▸ **WHAT NEEDS TO BE DONE**
Transcribe the entire listing exactly as it appears.

▸ **MATERIAL TO PROCESS**
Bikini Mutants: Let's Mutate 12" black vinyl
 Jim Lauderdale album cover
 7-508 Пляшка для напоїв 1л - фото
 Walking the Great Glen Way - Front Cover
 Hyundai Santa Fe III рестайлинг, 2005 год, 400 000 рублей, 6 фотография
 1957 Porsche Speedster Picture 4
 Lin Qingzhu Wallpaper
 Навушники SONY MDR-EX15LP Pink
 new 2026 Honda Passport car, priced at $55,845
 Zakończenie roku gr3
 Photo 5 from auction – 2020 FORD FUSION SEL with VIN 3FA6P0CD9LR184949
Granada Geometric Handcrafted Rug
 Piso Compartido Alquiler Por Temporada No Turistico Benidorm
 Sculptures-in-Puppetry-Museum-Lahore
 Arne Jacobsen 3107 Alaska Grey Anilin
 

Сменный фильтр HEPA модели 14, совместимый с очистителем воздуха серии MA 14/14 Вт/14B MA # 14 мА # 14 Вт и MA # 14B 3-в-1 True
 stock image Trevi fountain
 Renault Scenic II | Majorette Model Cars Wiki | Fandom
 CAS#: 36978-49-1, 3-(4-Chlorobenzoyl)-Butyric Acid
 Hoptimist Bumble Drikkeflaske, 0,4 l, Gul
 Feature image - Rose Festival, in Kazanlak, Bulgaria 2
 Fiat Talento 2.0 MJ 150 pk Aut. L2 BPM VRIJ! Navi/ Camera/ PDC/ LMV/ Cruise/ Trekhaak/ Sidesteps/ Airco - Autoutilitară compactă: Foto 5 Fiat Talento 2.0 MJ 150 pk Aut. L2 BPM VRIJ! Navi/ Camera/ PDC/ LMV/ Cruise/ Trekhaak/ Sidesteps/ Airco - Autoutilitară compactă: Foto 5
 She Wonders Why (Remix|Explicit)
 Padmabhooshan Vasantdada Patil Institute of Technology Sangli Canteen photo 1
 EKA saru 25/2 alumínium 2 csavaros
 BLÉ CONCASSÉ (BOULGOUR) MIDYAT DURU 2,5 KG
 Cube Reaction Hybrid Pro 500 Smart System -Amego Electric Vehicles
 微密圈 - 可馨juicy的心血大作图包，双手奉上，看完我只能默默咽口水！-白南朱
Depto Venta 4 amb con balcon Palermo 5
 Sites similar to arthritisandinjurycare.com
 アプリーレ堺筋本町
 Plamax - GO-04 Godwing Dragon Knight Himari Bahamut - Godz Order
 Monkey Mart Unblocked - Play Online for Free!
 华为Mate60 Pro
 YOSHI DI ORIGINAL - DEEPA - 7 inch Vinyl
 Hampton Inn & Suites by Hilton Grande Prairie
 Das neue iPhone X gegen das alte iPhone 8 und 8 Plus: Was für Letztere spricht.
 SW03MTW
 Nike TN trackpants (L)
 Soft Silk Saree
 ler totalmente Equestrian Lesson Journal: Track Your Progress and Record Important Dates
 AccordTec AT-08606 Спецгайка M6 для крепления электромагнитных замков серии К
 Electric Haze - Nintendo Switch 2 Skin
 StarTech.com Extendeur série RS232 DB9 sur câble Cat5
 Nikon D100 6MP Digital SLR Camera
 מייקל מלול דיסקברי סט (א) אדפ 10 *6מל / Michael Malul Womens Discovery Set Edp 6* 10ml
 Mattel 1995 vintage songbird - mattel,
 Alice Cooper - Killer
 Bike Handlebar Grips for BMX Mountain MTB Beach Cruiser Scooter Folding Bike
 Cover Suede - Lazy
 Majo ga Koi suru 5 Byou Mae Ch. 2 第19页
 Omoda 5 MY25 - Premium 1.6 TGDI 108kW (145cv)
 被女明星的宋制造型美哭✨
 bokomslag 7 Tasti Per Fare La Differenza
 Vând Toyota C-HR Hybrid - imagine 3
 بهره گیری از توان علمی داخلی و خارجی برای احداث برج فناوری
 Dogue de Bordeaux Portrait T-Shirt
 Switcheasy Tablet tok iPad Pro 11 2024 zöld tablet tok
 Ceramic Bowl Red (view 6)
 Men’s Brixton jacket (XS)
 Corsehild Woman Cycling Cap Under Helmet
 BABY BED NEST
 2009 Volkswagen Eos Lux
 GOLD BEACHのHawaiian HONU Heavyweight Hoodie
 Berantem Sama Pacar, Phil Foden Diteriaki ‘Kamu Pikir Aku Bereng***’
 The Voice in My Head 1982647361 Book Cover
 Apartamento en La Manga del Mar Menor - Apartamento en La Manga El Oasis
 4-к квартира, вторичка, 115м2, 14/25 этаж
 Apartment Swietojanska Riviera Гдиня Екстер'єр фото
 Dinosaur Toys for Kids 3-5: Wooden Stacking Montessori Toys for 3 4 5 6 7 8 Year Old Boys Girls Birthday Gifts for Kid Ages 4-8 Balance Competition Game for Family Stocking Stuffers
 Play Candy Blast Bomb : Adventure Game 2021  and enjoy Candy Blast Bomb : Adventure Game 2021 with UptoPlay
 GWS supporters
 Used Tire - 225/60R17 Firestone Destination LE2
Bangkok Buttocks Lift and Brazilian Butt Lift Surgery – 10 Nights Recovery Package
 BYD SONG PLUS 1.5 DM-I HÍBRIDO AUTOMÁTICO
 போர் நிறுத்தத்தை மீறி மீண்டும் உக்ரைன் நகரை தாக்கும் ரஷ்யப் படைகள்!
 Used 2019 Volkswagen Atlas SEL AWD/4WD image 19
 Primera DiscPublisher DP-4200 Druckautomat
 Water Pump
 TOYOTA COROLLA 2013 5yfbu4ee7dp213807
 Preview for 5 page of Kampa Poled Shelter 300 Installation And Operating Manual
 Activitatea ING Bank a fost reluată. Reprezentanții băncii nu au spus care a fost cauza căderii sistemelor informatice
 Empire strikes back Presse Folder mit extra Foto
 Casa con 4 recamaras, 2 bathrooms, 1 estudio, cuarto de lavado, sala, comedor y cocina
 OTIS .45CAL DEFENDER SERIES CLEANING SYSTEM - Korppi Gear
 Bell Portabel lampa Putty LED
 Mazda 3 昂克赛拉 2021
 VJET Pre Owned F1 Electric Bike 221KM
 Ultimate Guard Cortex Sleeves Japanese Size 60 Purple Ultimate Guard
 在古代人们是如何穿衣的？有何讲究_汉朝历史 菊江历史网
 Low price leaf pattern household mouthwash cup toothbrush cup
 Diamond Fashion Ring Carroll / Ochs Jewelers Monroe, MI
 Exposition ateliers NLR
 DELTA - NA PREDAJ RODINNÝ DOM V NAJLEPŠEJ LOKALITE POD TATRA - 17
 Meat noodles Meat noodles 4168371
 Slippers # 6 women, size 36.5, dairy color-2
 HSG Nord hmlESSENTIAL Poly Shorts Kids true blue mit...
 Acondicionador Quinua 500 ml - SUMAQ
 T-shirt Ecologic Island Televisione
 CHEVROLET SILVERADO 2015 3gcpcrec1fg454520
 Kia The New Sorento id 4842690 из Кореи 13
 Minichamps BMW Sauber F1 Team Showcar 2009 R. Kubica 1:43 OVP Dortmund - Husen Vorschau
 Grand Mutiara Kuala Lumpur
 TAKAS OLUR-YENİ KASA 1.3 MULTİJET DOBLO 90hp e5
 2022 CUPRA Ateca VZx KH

▸ **ANSWER SPACE**
Bikini Mutants: Let's Mutate 12" black vinyl
 Jim Lauderdale album cover
 7-508 Пляшка для напоїв 1л - фото
 Walking the Great Glen Way - Front Cover
 Hyundai Santa Fe III рестайлинг, 2005 год, 400 000 рублей, 6 фотография
 1957 Porsche Speedster Picture 4
 Lin Qingzhu Wallpaper
 Навушники SONY MDR-EX15LP Pink
 new 2026 Honda Passport car, priced at $55,845
 Zakończenie roku gr3
 Photo 5 from auction – 2020 FORD FUSION SEL with VIN 3FA6P0CD9LR184949
Granada Geometric Handcrafted Rug
 Piso Compartido Alquiler Por Temporada No Turistico Benidorm
 Sculptures-in-Puppetry-Museum-Lahore
 Arne Jacobsen 3107 Alaska Grey Anilin
 

Сменный фильтр HEPA модели 14, совместимый с очистителем воздуха серии MA 14/14 Вт/14B MA # 14 мА # 14 Вт и MA # 14B 3-в-1 True
 stock image Trevi fountain
 Renault Scenic II | Majorette Model Cars Wiki | Fandom
 CAS#: 36978-49-1, 3-(4-Chlorobenzoyl)-Butyric Acid
 Hoptimist Bumble Drikkeflaske, 0,4 l, Gul
 Feature image - Rose Festival, in Kazanlak, Bulgaria 2
 Fiat Talento 2.0 MJ 150 pk Aut. L2 BPM VRIJ! Navi/ Camera/ PDC/ LMV/ Cruise/ Trekhaak/ Sidesteps/ Airco - Autoutilitară compactă: Foto 5 Fiat Talento 2.0 MJ 150 pk Aut. L2 BPM VRIJ! Navi/ Camera/ PDC/ LMV/ Cruise/ Trekhaak/ Sidesteps/ Airco - Autoutilitară compactă: Foto 5
 She Wonders Why (Remix|Explicit)
 Padmabhooshan Vasantdada Patil Institute of Technology Sangli Canteen photo 1
 EKA saru 25/2 alumínium 2 csavaros
 BLÉ CONCASSÉ (BOULGOUR) MIDYAT DURU 2,5 KG
 Cube Reaction Hybrid Pro 500 Smart System -Amego Electric Vehicles
 微密圈 - 可馨juicy的心血大作图包，双手奉上，看完我只能默默咽口水！-白南朱
Depto Venta 4 amb con balcon Palermo 5
 Sites similar to arthritisandinjurycare.com
 アプリーレ堺筋本町
 Plamax - GO-04 Godwing Dragon Knight Himari Bahamut - Godz Order
 Monkey Mart Unblocked - Play Online for Free!
 华为Mate60 Pro
 YOSHI DI ORIGINAL - DEEPA - 7 inch Vinyl
 Hampton Inn & Suites by Hilton Grande Prairie
 Das neue iPhone X gegen das alte iPhone 8 und 8 Plus: Was für Letztere spricht.
 SW03MTW
 Nike TN trackpants (L)
 Soft Silk Saree
 ler totalmente Equestrian Lesson Journal: Track Your Progress and Record Important Dates
 AccordTec AT-08606 Спецгайка M6 для крепления электромагнитных замков серии К
 Electric Haze - Nintendo Switch 2 Skin
 StarTech.com Extendeur série RS232 DB9 sur câble Cat5
 Nikon D100 6MP Digital SLR Camera
 מייקל מלול דיסקברי סט (א) אדפ 10 *6מל / Michael Malul Womens Discovery Set Edp 6* 10ml
 Mattel 1995 vintage songbird - mattel,
 Alice Cooper - Killer
 Bike Handlebar Grips for BMX Mountain MTB Beach Cruiser Scooter Folding Bike
 Cover Suede - Lazy
 Majo ga Koi suru 5 Byou Mae Ch. 2 第19页
 Omoda 5 MY25 - Premium 1.6 TGDI 108kW (145cv)
 被女明星的宋制造型美哭✨
 bokomslag 7 Tasti Per Fare La Differenza
 Vând Toyota C-HR Hybrid - imagine 3
 بهره گیری از توان علمی داخلی و خارجی برای احداث برج فناوری
 Dogue de Bordeaux Portrait T-Shirt
 Switcheasy Tablet tok iPad Pro 11 2024 zöld tablet tok
 Ceramic Bowl Red (view 6)
 Men’s Brixton jacket (XS)
 Corsehild Woman Cycling Cap Under Helmet
 BABY BED NEST
 2009 Volkswagen Eos Lux
 GOLD BEACHのHawaiian HONU Heavyweight Hoodie
 Berantem Sama Pacar, Phil Foden Diteriaki ‘Kamu Pikir Aku Bereng***’
 The Voice in My Head 1982647361 Book Cover
 Apartamento en La Manga del Mar Menor - Apartamento en La Manga El Oasis
 4-к квартира, вторичка, 115м2, 14/25 этаж
 Apartment Swietojanska Riviera Гдиня Екстер'єр фото
 Dinosaur Toys for Kids 3-5: Wooden Stacking Montessori Toys for 3 4 5 6 7 8 Year Old Boys Girls Birthday Gifts for Kid Ages 4-8 Balance Competition Game for Family Stocking Stuffers
 Play Candy Blast Bomb : Adventure Game 2021  and enjoy Candy Blast Bomb : Adventure Game 2021 with UptoPlay
 GWS supporters
 Used Tire - 225/60R17 Firestone Destination LE2
Bangkok Buttocks Lift and Brazilian Butt Lift Surgery – 10 Nights Recovery Package
 BYD SONG PLUS 1.5 DM-I HÍBRIDO AUTOMÁTICO
 போர் நிறுத்தத்தை மீறி மீண்டும் உக்ரைன் நகரை தாக்கும் ரஷ்யப் படைகள்!
 Used 2019 Volkswagen Atlas SEL AWD/4WD image 19
 Primera DiscPublisher DP-4200 Druckautomat
 Water Pump
 TOYOTA COROLLA 2013 5yfbu4ee7dp213807
 Preview for 5 page of Kampa Poled Shelter 300 Installation And Operating Manual
 Activitatea ING Bank a fost reluată. Reprezentanții băncii nu au spus care a fost cauza căderii sistemelor informatice
 Empire strikes back Presse Folder mit extra Foto
 Casa con 4 recamaras, 2 bathrooms, 1 estudio, cuarto de lavado, sala, comedor y cocina
 OTIS .45CAL DEFENDER SERIES CLEANING SYSTEM - Korppi Gear
 Bell Portabel lampa Putty LED
 Mazda 3 昂克赛拉 2021
 VJET Pre Owned F1 Electric Bike 221KM
 Ultimate Guard Cortex Sleeves Japanese Size 60 Purple Ultimate Guard
 在古代人们是如何穿衣的？有何讲究_汉朝历史 菊江历史网
 Low price leaf pattern household mouthwash cup toothbrush cup
 Diamond Fashion Ring Carroll / Ochs Jewelers Monroe, MI
 Exposition ateliers NLR
 DELTA - NA PREDAJ RODINNÝ DOM V NAJLEPŠEJ LOKALITE POD TATRA - 17
 Meat noodles Meat noodles 4168371
 Slippers # 6 women, size 36.5, dairy color-2
 HSG Nord hmlESSENTIAL Poly Shorts Kids true blue mit...
 Acondicionador Quinua 500 ml - SUMAQ
 T-shirt Ecologic Island Televisione
 CHEVROLET SILVERADO 2015 3gcpcrec1fg454520
 Kia The New Sorento id 4842690 из Кореи 13
 Minichamps BMW Sauber F1 Team Showcar 2009 R. Kubica 1:43 OVP Dortmund - Husen Vorschau
 Grand Mutiara Kuala Lumpur
 TAKAS OLUR-YENİ KASA 1.3 MULTİJET DOBLO 90hp e5
 2022 CUPRA Ateca VZx KH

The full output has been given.